Posted in GNU/Linux, Microsoft, Mono, Novell, Patents, Ubuntu at 9:24 am by Dr. Roy Schestowitz

Mono: is it a science, or is it a faith?

Sheep says mono

Summary: The Mono proponents have yet again turned to “ad hominem” mode because the simple facts about Mono-associated risk cannot be refuted

TECHRIGHTS’ “Boycott Novell” initiative has warned about Mono patents since 2006 (weeks after Novell and Microsoft signed their patent deal). At the time, not many people dared to slam Mono (the FSF did not do so until 2009), but over the years more evidence was gathered to show that Mono is indeed a problem. Now there is more of a consensus and general agreement about it although the approach taken to alleviate/mitigate the issue varies somewhat. Techrights has been relatively polite about it.

Guy Van Sanden (at “nocturn”, posting from Belgium) got flamed by Mono proponents after he had criticised Mono. For his recent posts about Mono, which we covered at the time [1, 2, 3, 4], he received personal abuse from the bullies [1, 2] and liars. It’s almost as though Mono is a religious cult akin to Scientology. I have personally seen and over the years experienced what one goes though for criticising Mono (being called the “c” word and talked to with the “f” word, even assaulted with libel). No other topic seems to invoke quite as much resentment as from the group of Mono proponents, who often tend to trust (sometimes love) Microsoft as well. Van Sanden has just posted some instructions for removal of Mono from one’s system. Innocent enough, right?

Following my post “Get the facts on mono” from yesterday, I thought it would be nice to post a refresher about how to remove mono from Ubuntu and more importantly, prevent it from being reinstalled (for example by installing a package if you are not aware it was built on mono).

Here is the “Get the facts on mono” post which he refers to. Notice the number of comments and flames. The concise argument he made goes like this:

The debate surrounding the replacement of Rhythmbox with Banshee in Ubuntu 11.04 brings back many of the concerns about F-Spot, Tomboy and gBrainy: the mono patent trap.

But a lot of time has past since the original discussions and in that time, some things became very clear.

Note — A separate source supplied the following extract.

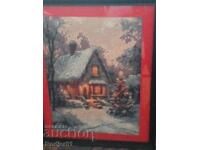 TAPESTRY, puzzle, diamond bead painting - house in winter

* Microsoft does hold patents on the .NET technology that mono is based on
* They made a community promise not to sue FOSS projects implementing the ECMA submitted parts of .NET
* The community promise is not a binding patent grant
* Mono implements a lot more than the ECMA parts, De Icaza’s promise to seperate mono into safe and non-safe parts was never fulfilled
* There is no promise on the non-ECMA parts
* Software like F-Spot and Tomboy are therefor using parts based on non-free bits of .NET

So, why is including MP3 support and DeCSS problematic but do we digg a hole by using patented technologies from one of the biggest patent trolls on the planet???

I don’t think any of this is malicious, but it does feel naive and misguided to me…

Jason from The Source has defended the arguments above by adding supporting evidence in a useful, precise, and easy-to-follow way. Jason claims that “Mono Criticism” is being falsely characterised as intolerance or “Uninformed Hatred” as he puts it:

Mono Apologists must rely on uninformed acceptance of their points, because one can not simultaneously be informed and make the arguments that Team Apologista does. The best honest argument Team Apologista can make is something along the lines of: “Mono may have issues, but so do a lot of projects, and we don’t think ours rise to a level of serious concern.”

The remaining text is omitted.